ARTIKEL: PAJAK, YES OR NO?

Secara umum, sumber pendapatan suatu negara (Public Revenues) adalah kekayaan alam, laba perusahaan negara (BUMN), royalty, retribusi, kontribusi, bea dan terakhir, cukai. Dewasa ini kontribusi lebih dikenal dengan istilah pungutan pajak. Sejak awal tahun 1998, Indonesia termasuk negara yang sangat giat melaksanakan pemungutan pajak. Tahun 2004 ini target pajak dalam APBN-P meningkat menjadi Rp278,2 Triliun. Salah satu cara untuk merealisasikan hal ini adalah, digalakkannya kepemilikan Nomor Pokok Wajib Pajak (NPWP). Subjek Pajak terbagi menjadi 2 (dua) yaitu Subjek Pajak Dalam Negeri dan Subjek Pajak Luar Negeri. Pengkategorian keduanya dilihat dari jangka waktu orang pribadi/badan menetap/berdiri di Indonesia. Tidak semua Subjek Pajak adalah Wajib Pajak, orang pribadi/badan yang termasuk dalam kategori Wajib Pajak, adalah orang pribadi/badan yang memperoleh penghasilan dari Indonesia baik secara langsung maupun tidak langsung. Khusus untuk orang pribadi yang tergolong Wajib Pajak, adalah mereka yang memperoleh penghasilan melebihi Penghasilan Tidak Kena Pajak (PTKP). Contohnya : Marolop adalah seorang karyawan yang mendapat penghasilan sebesar Rp1,2 juta sebulan dan belum menikah. Jumlah penghasilan Marolop dalam setahun adalah Rp 28,8 juta. PTKP setahun untuk Wajib Pajak dengan status belum menikah adalah Rp2,88 Juta. Diketahui bahwa penghasilan Marolop selama setahun sudah melebihi PTKP, oleh karena itu, Marolop memiliki kewajiban untuk meregistrasikan dirinya sebagai wajib pajak dan memperoleh NPWP. Tidak ada pengecualian bagi orang pribadi yang sudah berpenghasilan melebihi PTKP setahun tidak mendaftarkan diri sebagai wajib pajak, menghitung, menyetor dan melaporkan pajak terhutangnya setiap tahun, apalagi kalau berbentuk badan atau usaha tetap.

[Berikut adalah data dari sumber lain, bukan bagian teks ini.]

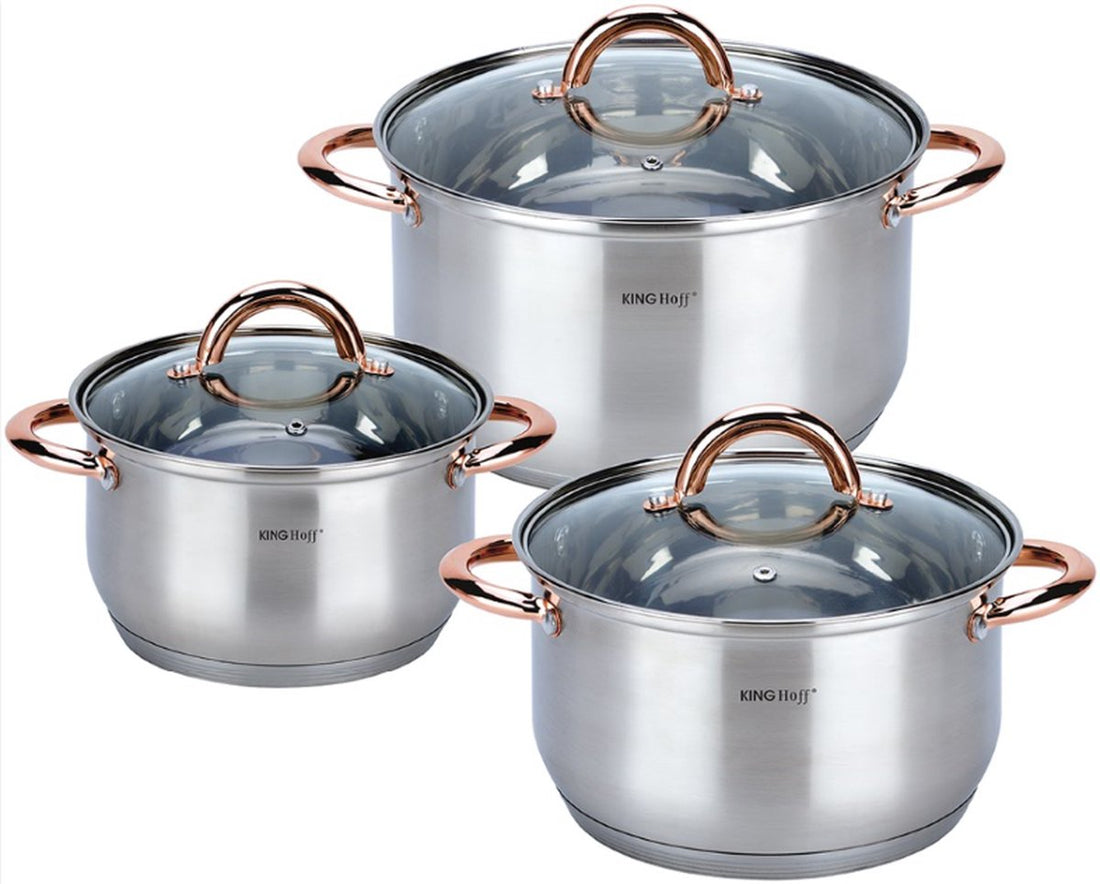 Kinghoff 6-delige pannenset rvs – kookpannen 16, 18 en 20 cm met deksel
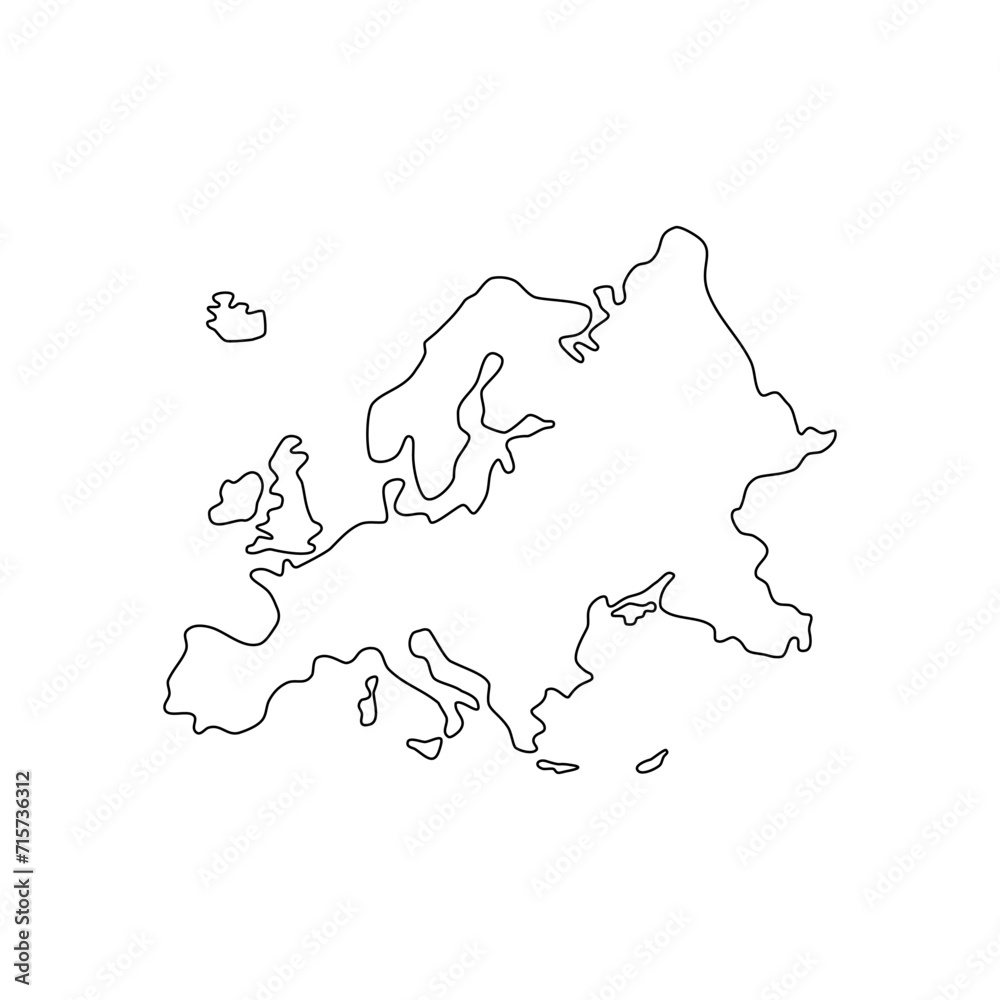 Europe map vector outline, Easy and smooth style. 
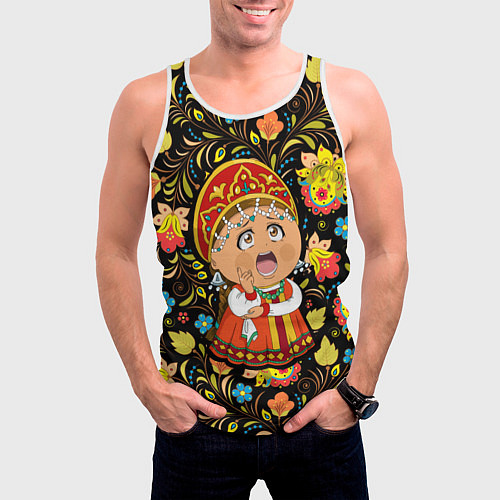 Мужская майка без рукавов Русская красавица / 3D-Белый – фото 3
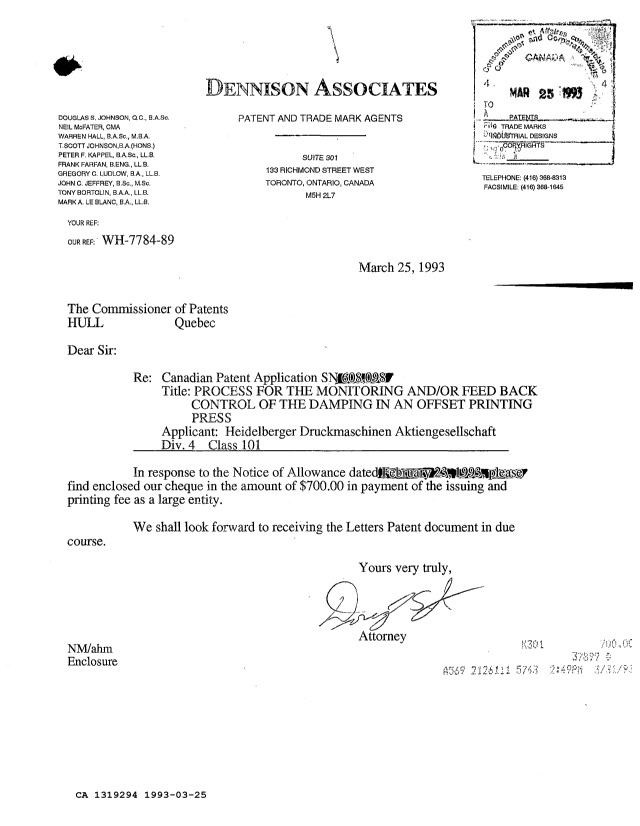 Document de brevet canadien 1319294. Correspondance reliée au PCT 19930325. Image 1 de 1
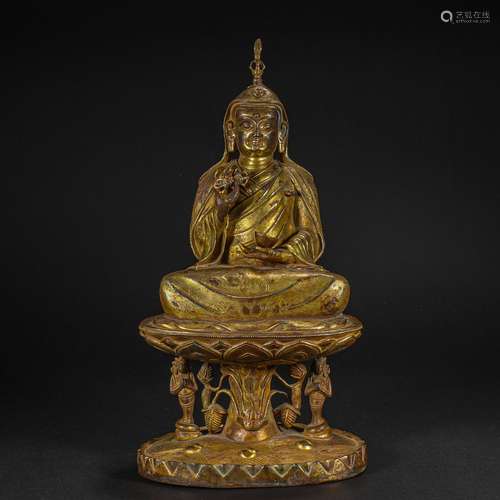 Before Ming Dynasty Bronze Gilt Buddha Statue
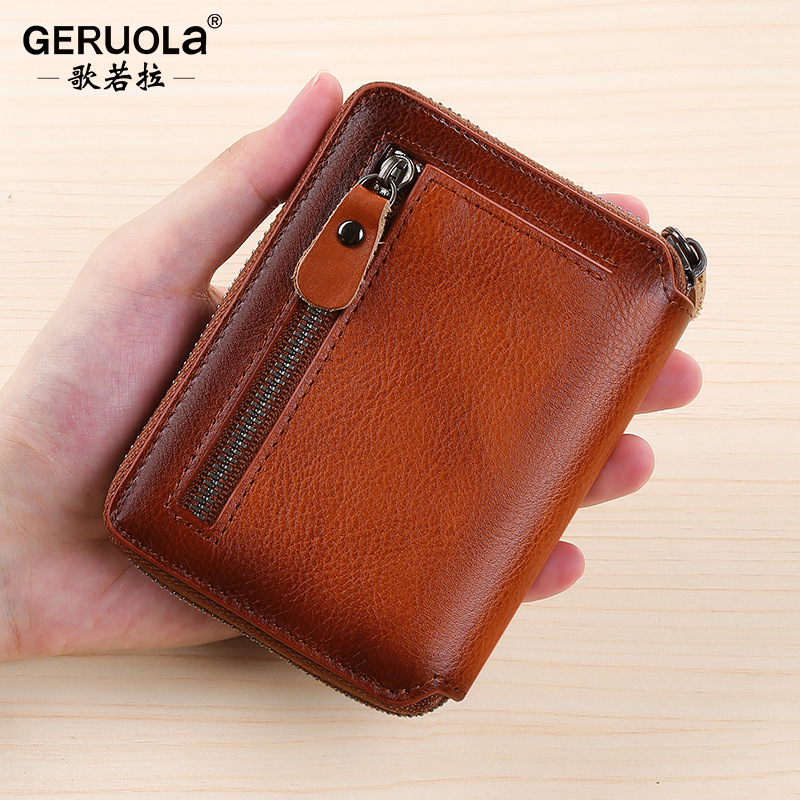Cartera explosiva de comercio exterior, cuero para hombres, tarjeta de identificación para hombres genuinos, monedero corto, billetera, bolsa de piel de vaca de primera capa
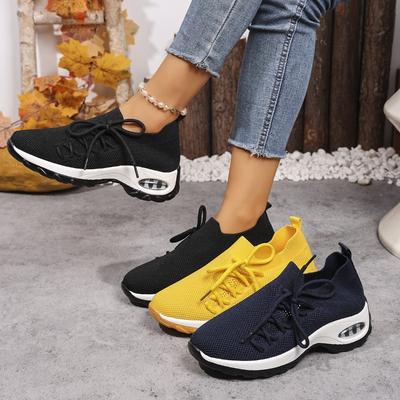 Женские кроссовки-носки Flyknit широкой полноты - Слипоны на массивной подошве для бега, Удобная повседневная спортивная обувь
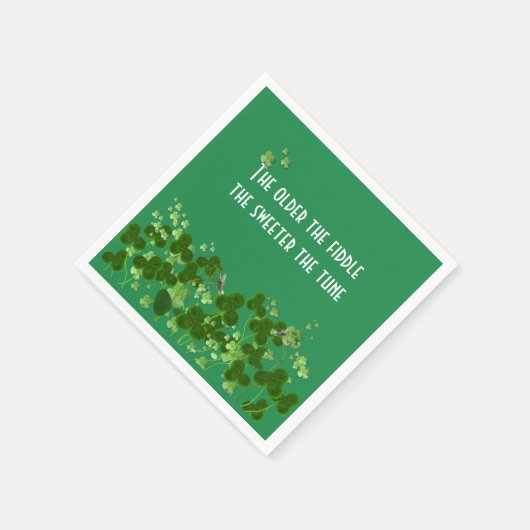 Serviette En Papier Le Proverbe Irlandais Sur Vert Avec Shamrock (Coin)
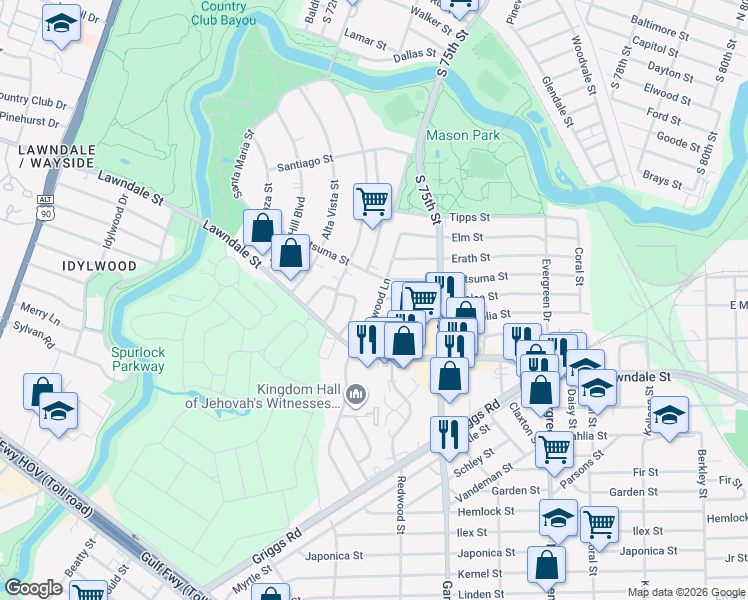 map of restaurants, bars, coffee shops, grocery stores, and more near 2035 Santa Rosa Street in Houston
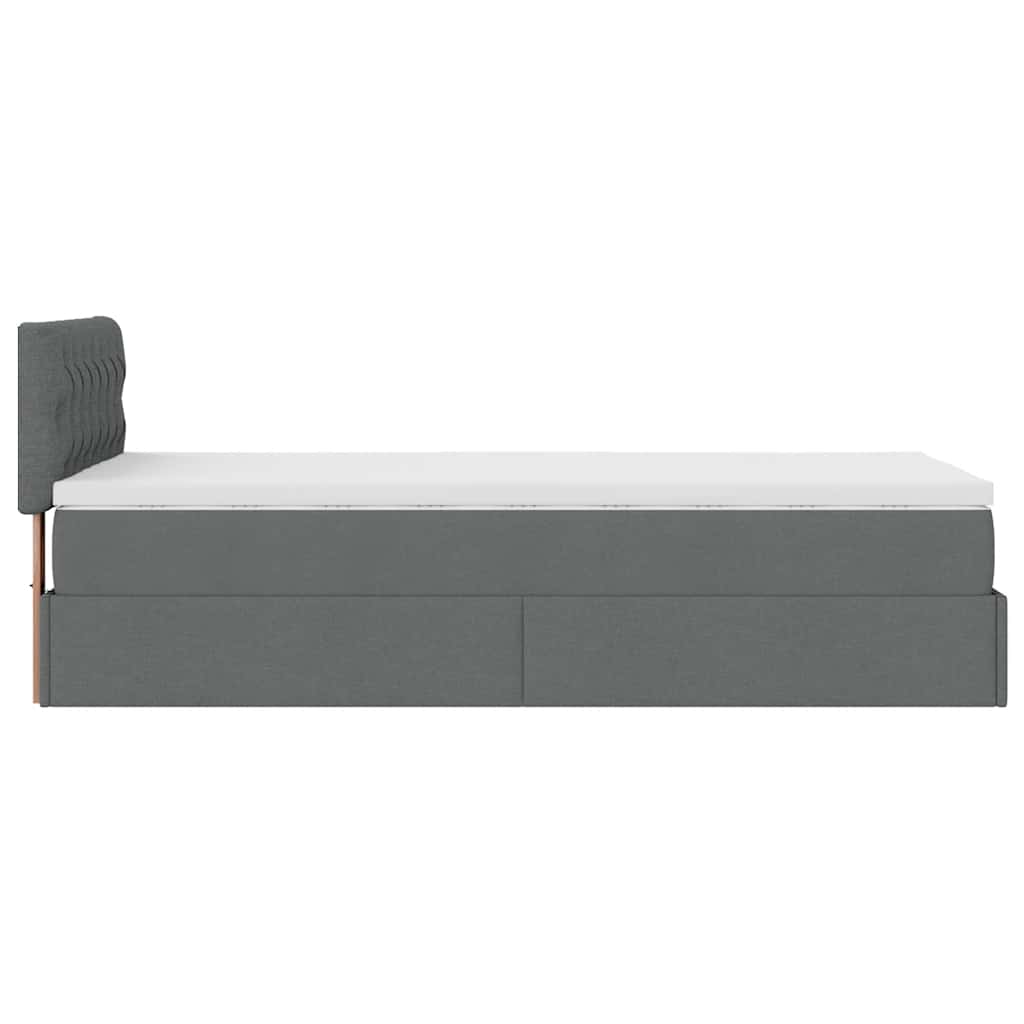 vidaXL Pouf Letto con Materasso Grigio Scuro 90x200 cm in Tessuto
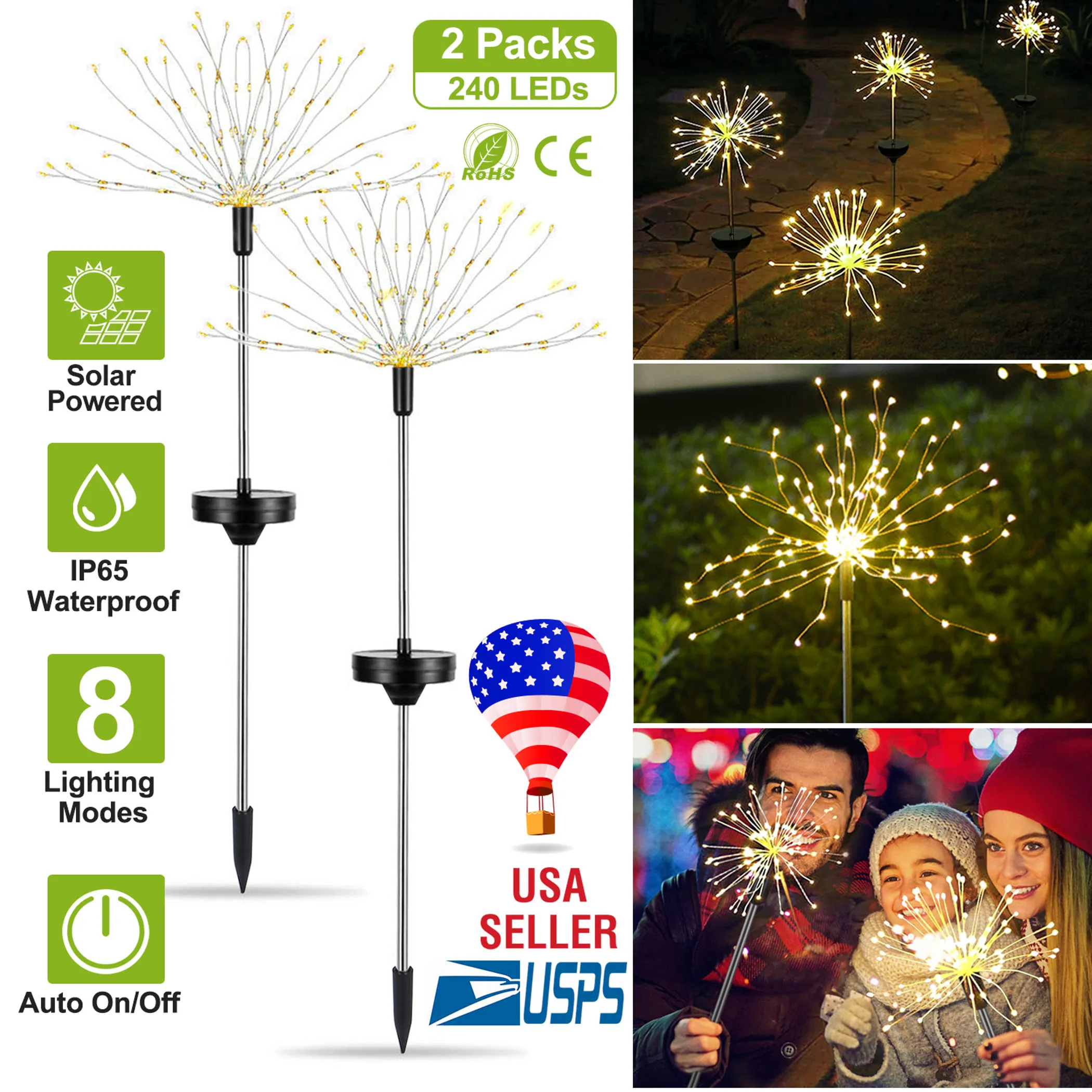 2 Pack Solar Starburst Lights 120 LED Outdoor Firework Garden Decorations - Image 4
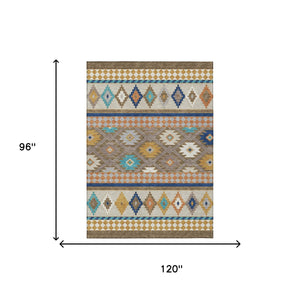 Southwestern Geometric Washable Polyester Area Rug for Indoor Outdoor Earthy Boho Patio Decor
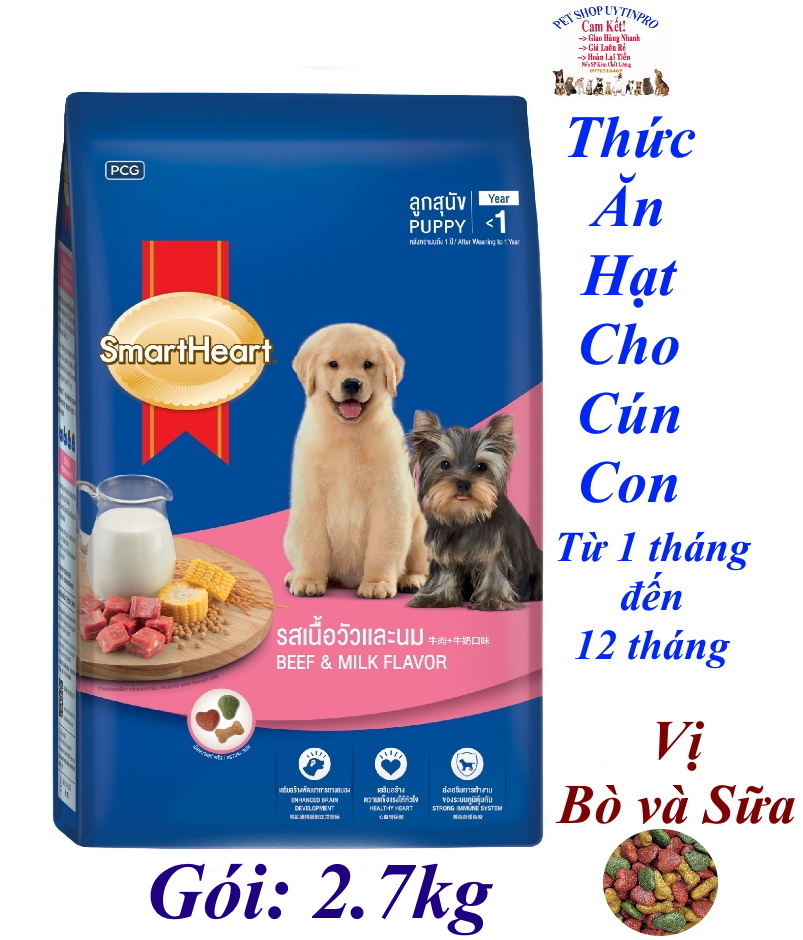 Thức ăn hạt cho Chó con Smartheart Puppy Beef & Milk Flavor Gói 2.7kg Hương vị bò và sữa Bổ sung dinh dưỡng hoàn chỉnh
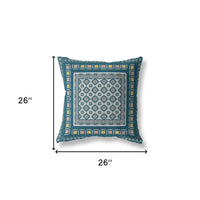 18" X 18" Blue And Beige Broadcloth Floral Throw Pillow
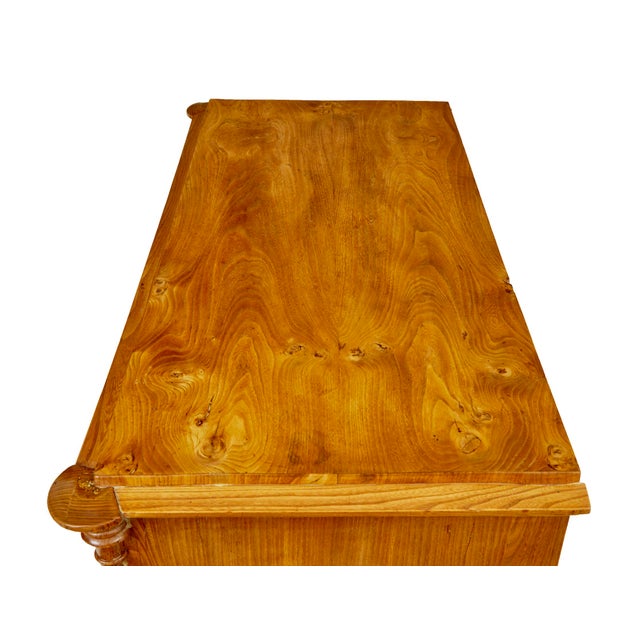 Rococo Antique Swedish Chest of Drawers in Carved Elm, 1850, Set of 2 For Sale - Image 3 of 13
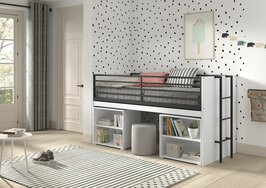 Sam halfhoogslaper met bureau en 2 open kastjes 90x200 wit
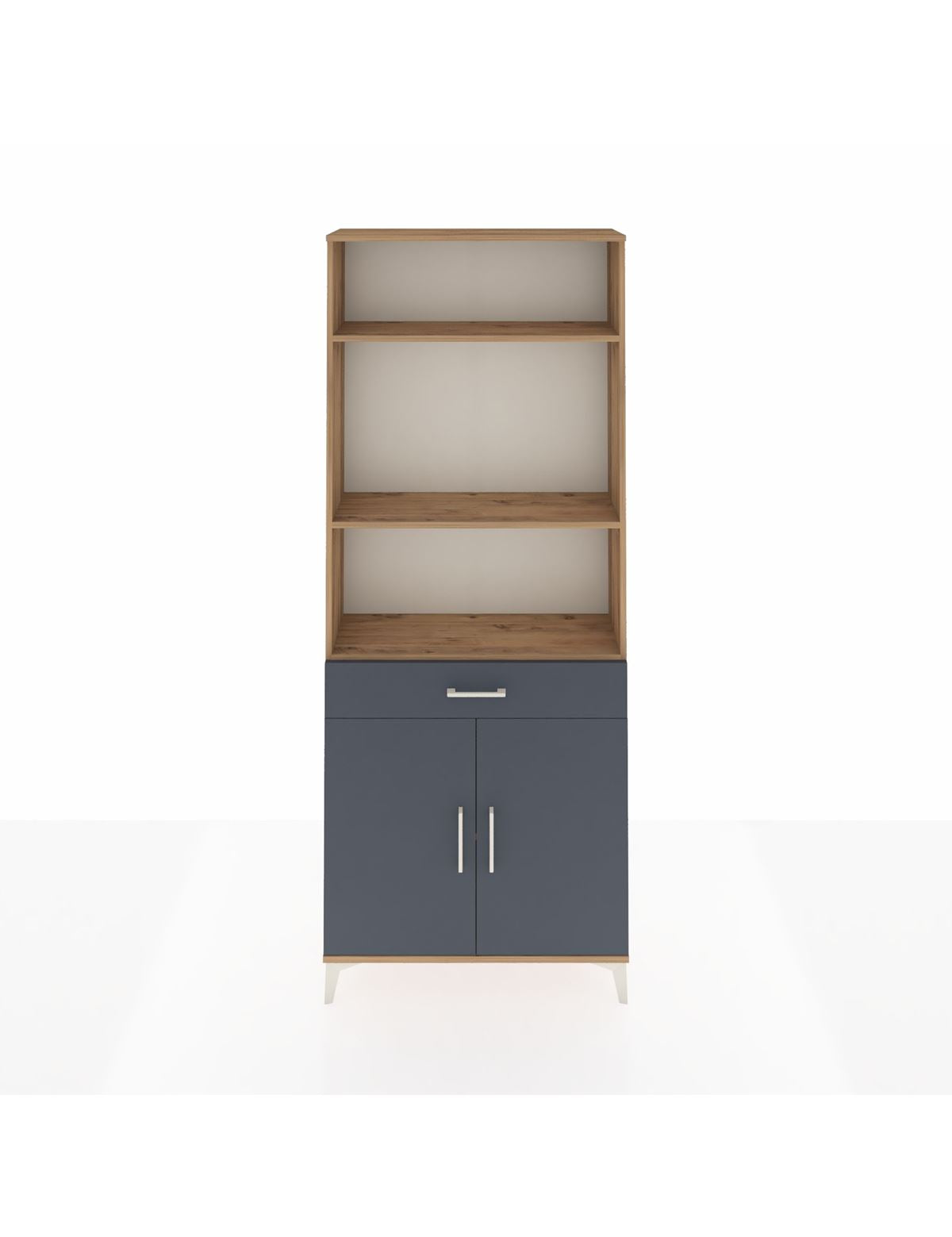 Arges Dolap 4 Raflı Tek Çekmeceli 2 Kapaklı 88x30x221 Çam-Antrasit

Sedikit melihat kebelakang, eksistensi pajak sebagai suatu kontribusi telah ada sejak zaman purba, dimana manusia di masa itu memberikan hasil pekerjaan mereka (umumnya bersifat natura) kepada penguasa atau pemimpin mereka. Seiring dengan perkembangan jaman, struktur pengumpulan kontribusi ini mulai teratur pada masa bangsa Romawi dan bangsa Mesir berkuasa, bahkan salah satu metode pelaksanaannya adalah munculnya perbudakan di masa itu, yang harus dijalankan bagi orang-orang yang secara material tidak mampu memberikan kontribusinya kepada pemerintah. Alkitab juga mencatat peristiwa-peristiwa yang dapat memberikan informasi kepada kita bahwa kontribusi sejenis pajak ini telah ada. Masih ingat dengan kisah Zakheus (Luk.19:1-10), seorang pemungut cukai. Sosoknya menjadi tokoh paling terkenal dan menjadi penentu bahwa pada masa kehidupan Yesus di dunia, pajak dalam hal ini diwakilkan oleh cukai, sudah ada. Meskipun sebelum Zakeus, ada juga Matius (Mat.9:9:13) dan Lewi (Mrk.2:13-17) yang bekerja sebagai seorang pemungut cukai namun kemudian memutuskan untuk mengikut Yesus. Banyak juga tercatat peristiwa-peristiwa perbudakan di masa kepemimpinan Firaun yang sebagian besar disebabkan orang-orang tersebut tidak dapat memenuhi kewajibannya memberikan kontribusi terhadap Negara pada era itu.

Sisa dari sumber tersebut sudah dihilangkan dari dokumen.